Return an exact copy of the lines from the one holding "Sala de apartamento" to the end of the data, including both the starting and final lines. Leave the pictures out.

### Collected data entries
'''
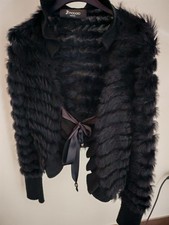 Cardigan 22 Maggio in lapin Tg 42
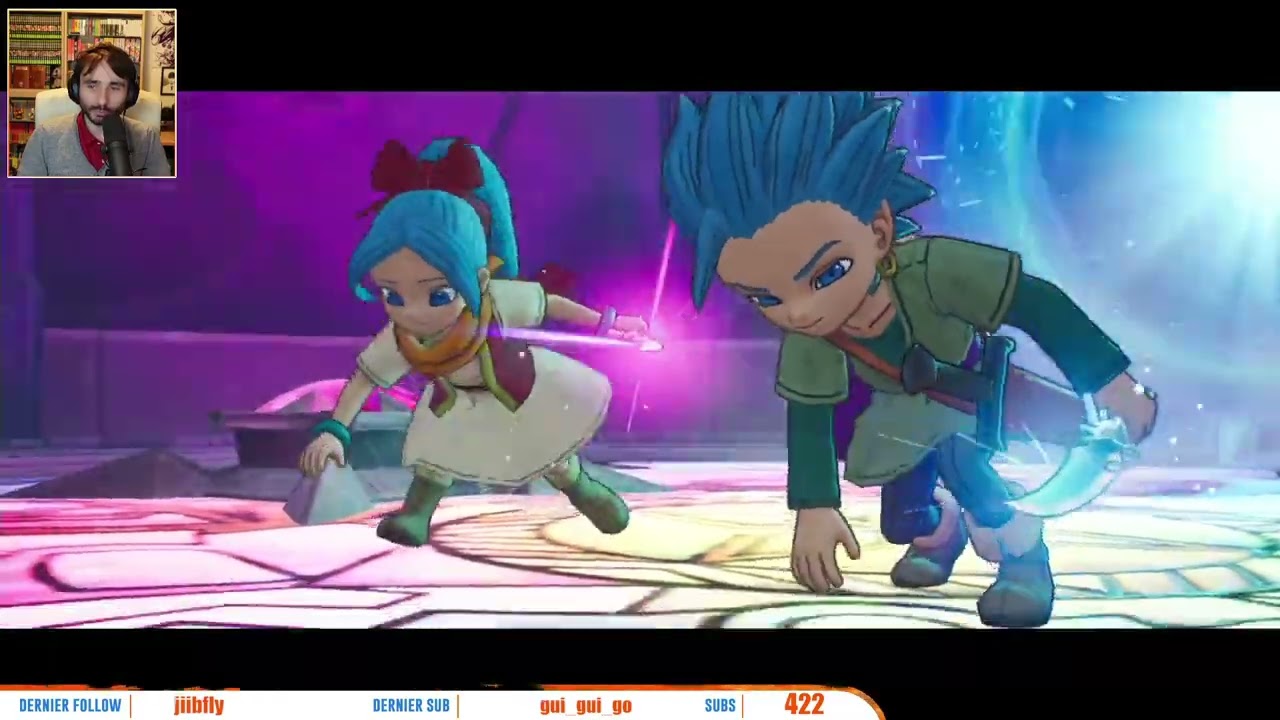 TEST - DRAGON QUEST TREASURES - LET'S PLAIE #1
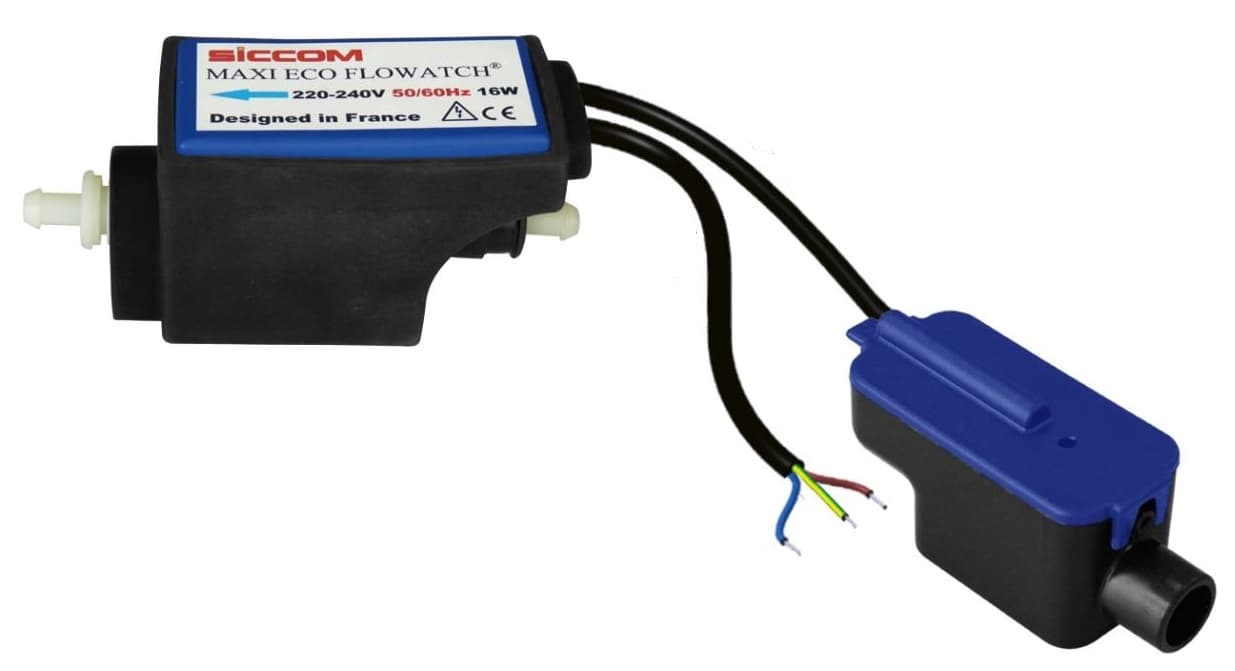 Помпа дренажная Siccom Maxi Eco Flowatch (проточная, 40л/ч, h-12м; 23Дб)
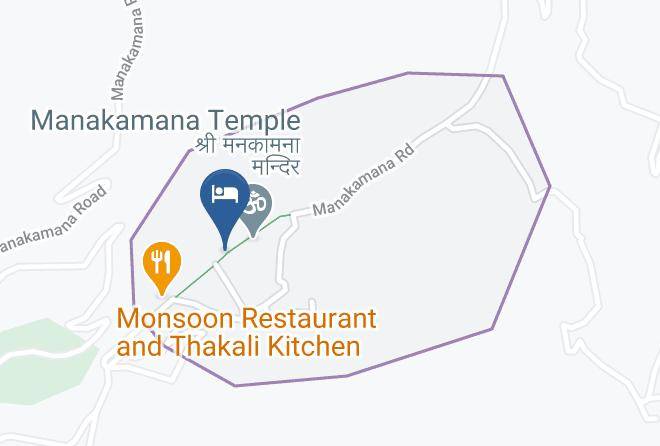 Pokhara - Hotel Highland Maps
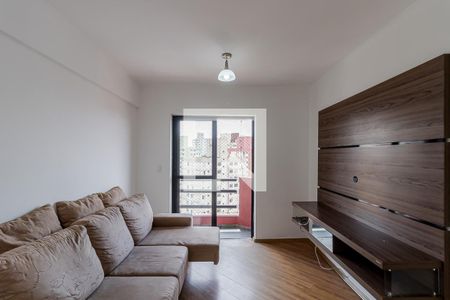 Sala de apartamento para alugar com 2 quartos, 50m² em Jardim Celeste, São Paulo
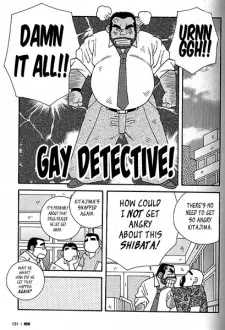 Gay Detective!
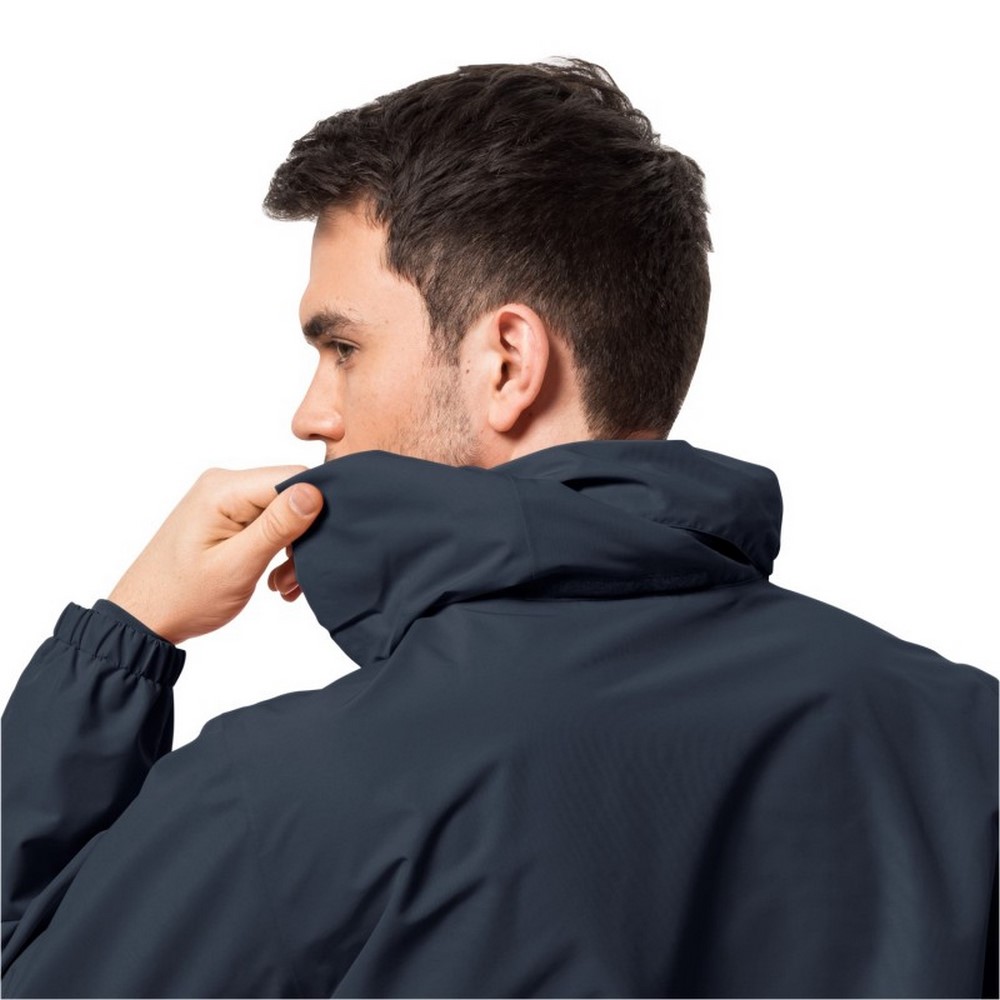 Вітровка чоловіча Jack Wolfskin STORMY POINT 2L JKT M 1111142_1010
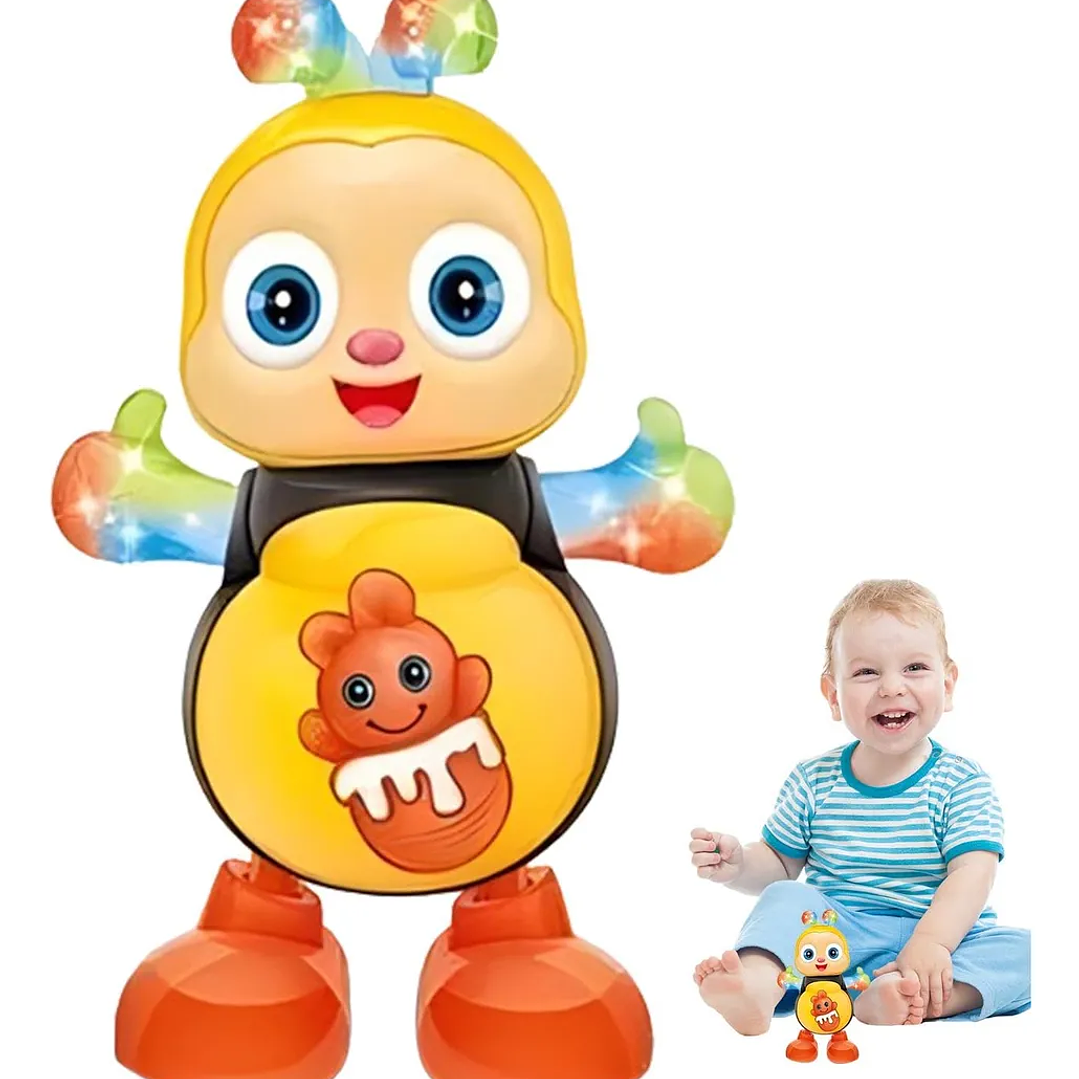 Abejita Bailarina con baterías incluidas. 4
'''
### RESPONSE BOX
 Sala de apartamento para alugar com 2 quartos, 50m² em Jardim Celeste, São Paulo
 Gay Detective!
 Вітровка чоловіча Jack Wolfskin STORMY POINT 2L JKT M 1111142_1010
 Abejita Bailarina con baterías incluidas. 4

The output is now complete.